In OpenCV to select a part of an image,you can simply select the start and end pixels from the image. The meaning is:

image[yMin:yMax, xMin:xMax]

In human speak: yMin = top | yMax = bottom | xMin = left | xMax = right |

" : " means from the value on the left of the : to the value on the right

To keep the bottom half we simply do [int(yMax/2):yMax, xMin:xMax] which means from half the image to to the bottom. x is 0 to the max width.

Keep in mind that OpenCV starts from the top left of an image and increasing the Y value means downwards.

To get the width and height of an image you can do image.shape which gives 3 values:

yMax,xMax, amount of channels of which you probably won't use the channels. To get just the height and width you can also do:

height, width = image.shape[0:2]

This is also known as getting the Region of Interest or ROI

Answer 2

Here's a the python version for any beginners out there.
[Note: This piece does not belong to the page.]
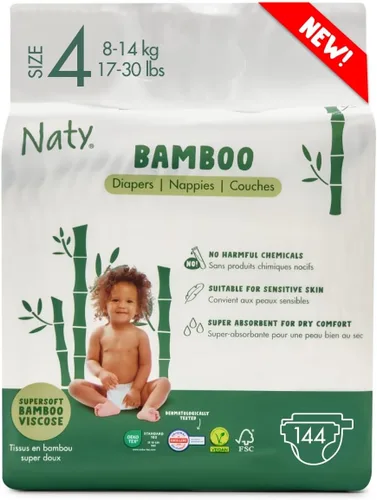 Vista 11 de Naty - Pañales de viscosa de bambú, talla 1 (4-11 libras), 88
def crop_bottom_half(image):
    cropped_img = image[image.shape[0]/2:image.shape[0]]
    return cropped_img

Answer 3

The Rect function arguments are Rect(x, y, width, height). In OpenCV, the data are organized with the first pixel being in the upper left corner, so your rect should be:

Mat croppedFrame = frame(Rect(0, frame.rows/2, frame.cols, frame.rows/2));